I had too many jalapenos on my burrito last night, and dreamed that I’d read a letter to the editor in a 1942 edition of the Strib that read something like “Aren’t Americans racist for going to war against Germany, when the Deutsche-Amerikanische Bund is preaching rapprochement with Germany?”
I wanted to yell “But one country declared war on us, while the Bund, ill-advised as their ethnic sympathies turned out to be, were exercising their First Amendment rights!”…
…but I couldn’t. Because blogs didn’t exist in 1942. And either did I.
But I woke up – both extant, and with my blog humming right along – and, given the nightmare I’d just awoken from, was almost overjoyed to read this bit of intensely flawed reasoning in an op-ed by Jesse Zettel.
In the past week, there has been much talk of whether Apple should help the FBI gain access to a smartphone of one of the San Bernardino, Calif., shooters. At stake is whether we are willing to sacrifice some of our freedom for some security.
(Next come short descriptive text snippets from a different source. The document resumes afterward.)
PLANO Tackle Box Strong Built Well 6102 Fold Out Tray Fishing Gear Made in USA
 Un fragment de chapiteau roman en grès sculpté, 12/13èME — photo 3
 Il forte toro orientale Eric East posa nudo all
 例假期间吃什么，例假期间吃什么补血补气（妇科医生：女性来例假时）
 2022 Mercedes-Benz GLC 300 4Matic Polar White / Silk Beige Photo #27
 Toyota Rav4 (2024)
The correct answer – someone tell all seven Presidential candidates – is no, we should not be. But that’s not really the subject, here.
In the past when the question was about guns, our answer has been a resounding no. Now that the question is about our privacy, there seem to be a lot of people saying yes.
Ah, yes – the group of people that I’ll call the “omnisicent ‘a lot’”; that group of People Not Like Me that we’re assured exist and confirm your thesis, notwithstanding their being your personal anecdote.
How many people do this? A lot of people… – oh, snap. Now I’m doing it!
Carry on.
On “The McLaughlin Group” last weekend, Pat Buchanan cited a Latin phrase “salus populi suprema lex,” meaning “the safety of the people is the highest law.” He doesn’t say that when it comes to guns.
He’s leading up to something, here. I can almost taste it.
We’ll come back to that.
In other words: We will not give up our freedom to easily access weapons of war for the sake of safety, but we might be open to giving up our privacy.
We’re dealing with two different “omniscient a lots” here:
- “A lot of people” erroneously believe that you can “hack” just one iPhone to get at information. Some – Trump – echo Buchanan’s statist beliefs. Others – Marco Rubio among them – don’t know how software architecture works (and, admit it, most likely either do you). They’re not malicious, stupid, or closeted fascists – they’re uninformed.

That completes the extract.